Prompt
The records that follow are to be given again exactly. Do not carry over any image.

________________________

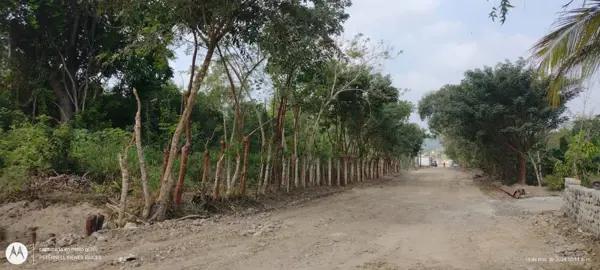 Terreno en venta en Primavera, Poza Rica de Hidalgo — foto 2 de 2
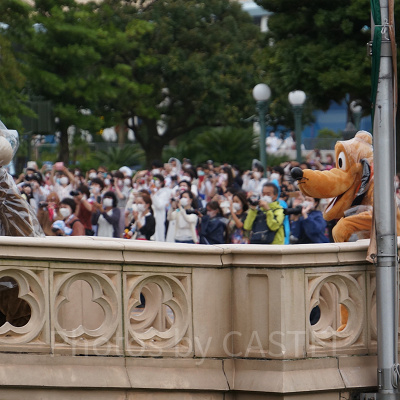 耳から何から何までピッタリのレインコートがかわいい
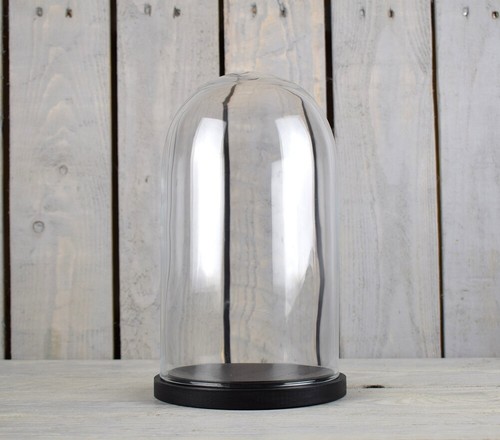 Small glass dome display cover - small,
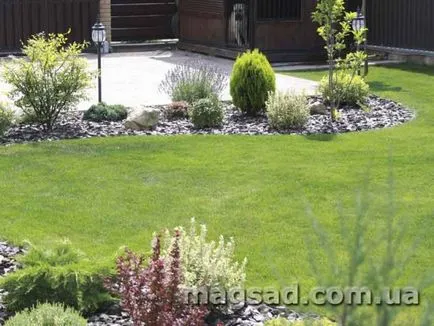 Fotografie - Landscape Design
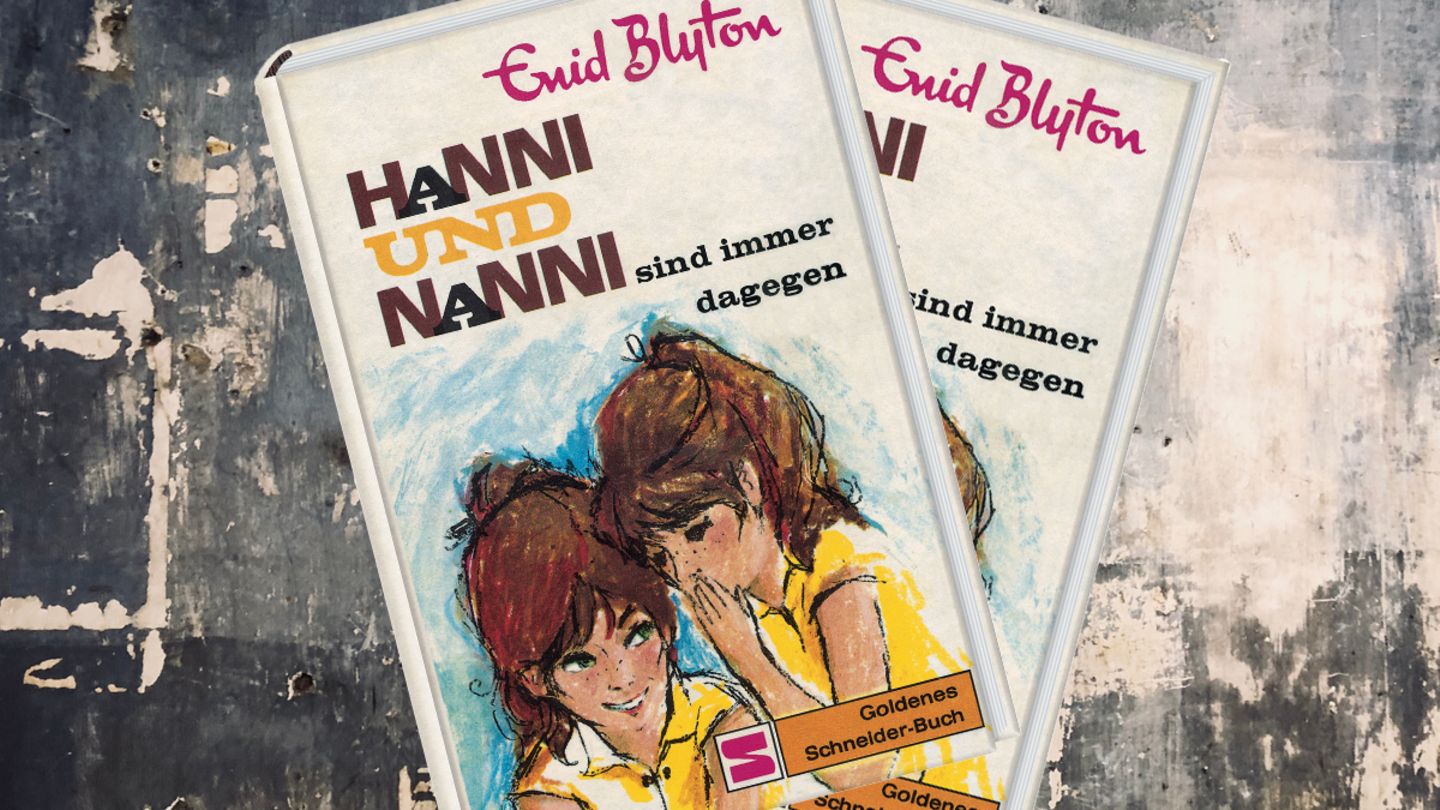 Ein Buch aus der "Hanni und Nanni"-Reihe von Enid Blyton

________________________

Exercise response
 Terreno en venta en Primavera, Poza Rica de Hidalgo — foto 2 de 2
 耳から何から何までピッタリのレインコートがかわいい
 Small glass dome display cover - small,
 Fotografie - Landscape Design
 Ein Buch aus der "Hanni und Nanni"-Reihe von Enid Blyton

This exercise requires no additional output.